I forever and always love everything that Julia Alvarez writes! This new novel of hers did not disappoint. The set up is this: a novelist decides to retire to the Dominican Republic (where her family is from) and bury all unfinished drafts of her novels in a Cemetery for Untold Stories. But the stories will not be silenced, for either the living or the dead.

Not only is this a beautiful collage of the stories that make us who we are, but it’s a commentary on narratives themselves. What makes a story? What happens if they go untold? Does the telling unleash something in the teller, the audience? Is it our duty to release some and to keep some buried?

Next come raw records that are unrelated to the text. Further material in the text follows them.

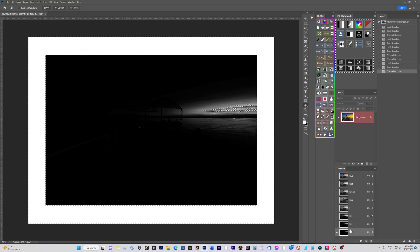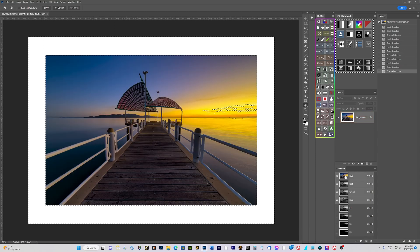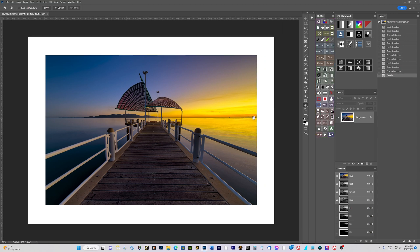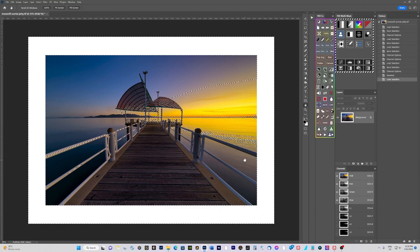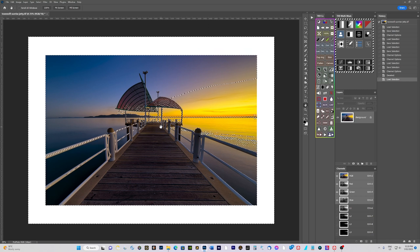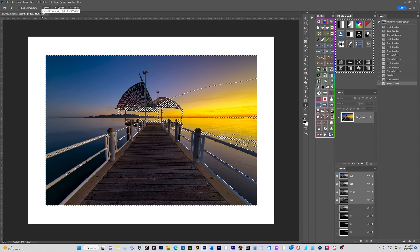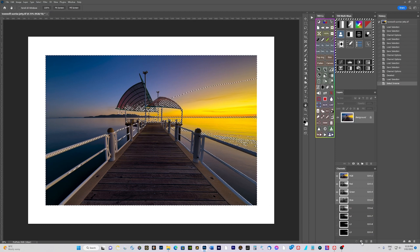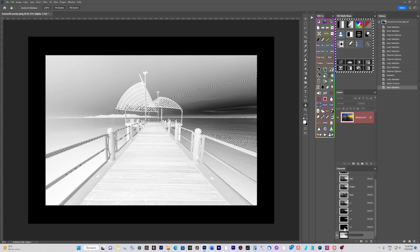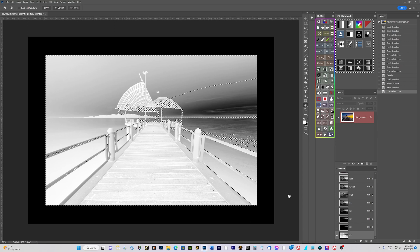Now we're going to make our darks masks. Come back up to the RGB channel and deselect the marching ants with Ctrl+D. Then, like before, make a lights one selection - Ctrl+click on the RGB. There's our lights one selection, but now we're going to invert the selection. Use Shift+Ctrl+I or go to Select > Inverse. Save that as a channel and name it D1 - that's Darks 1, which covers the darkest pixels to about 50 percent.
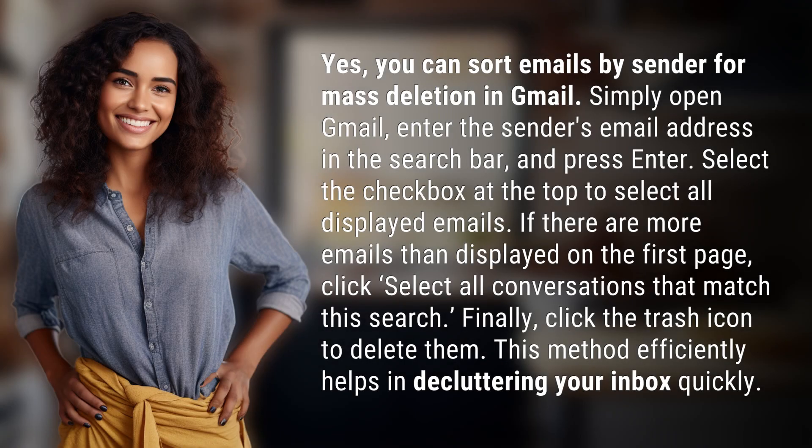Yes, you can sort emails by sender for mass deletion in Gmail. Simply open Gmail, enter the sender's email address in the search bar, and press Enter.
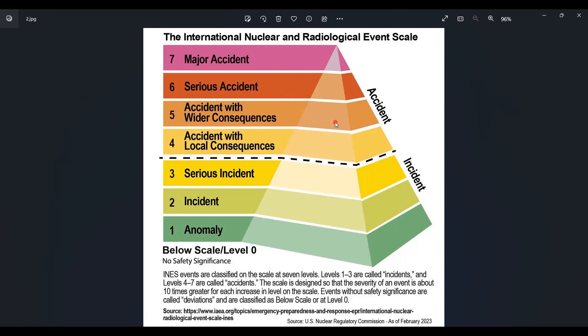The classification criteria include factors such as radiation levels, releases of radioactive materials, effects on workers, environmental consequences, and contamination. By using this scale, authorities can quickly assess the severity of an incident and take appropriate actions to protect people's safety. It also helps in international cooperation by providing a common understanding among countries when they share information about nuclear and radiological events.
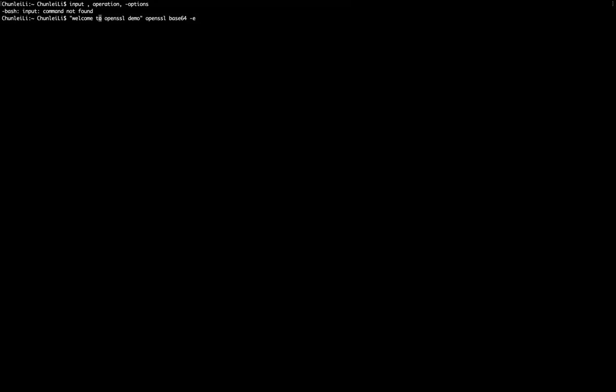To make it simpler within this command, I need to type this input, welcome to OpenSSL demo, to this operation.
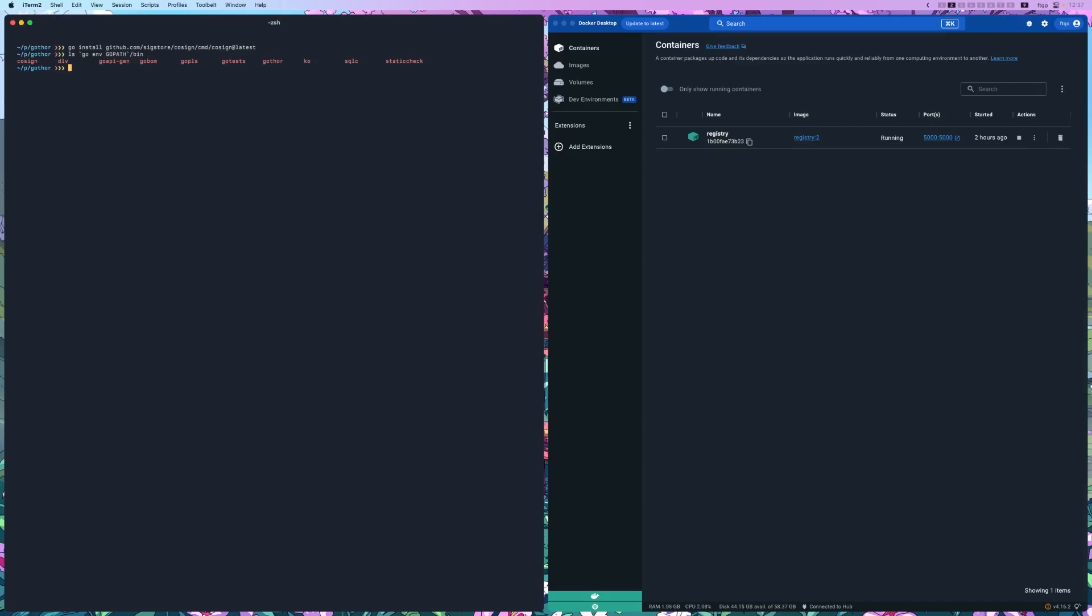Now that we have Cosign installed, let's generate a key pair for signing our container images. Let's do cosign generate-key-pair. I'm not going to do a password, but you should for secure deployments. This will create two files: cosign.key and cosign.pub. Make sure you keep your private key secure and distribute the public key to those who need to verify your images.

I love these questions and the way they are dearly held. I also love the many Julia Alvarez Easter eggs that are packed into the telling: the semi-autobiographical elements woven into the tales, the main character (a proxy for Alvarez) being named Alma like the narrator in Alvarez’s novel Saving the World, the last line of How the Garcia Girls Lost Their Accents being held up and examined as commentary about Alma’s craft. And probably many more.

My critiques are few and far between: I thought the frame of the story (the set up of the cemetery) took up more space than it deserved at the beginning. I also wanted the book to end with Alma’s walk in the evening instead of with the future of the cemetery, which felt a little too forced.

But these are minor quips for an otherwise masterpiece of story. I’m grateful for it.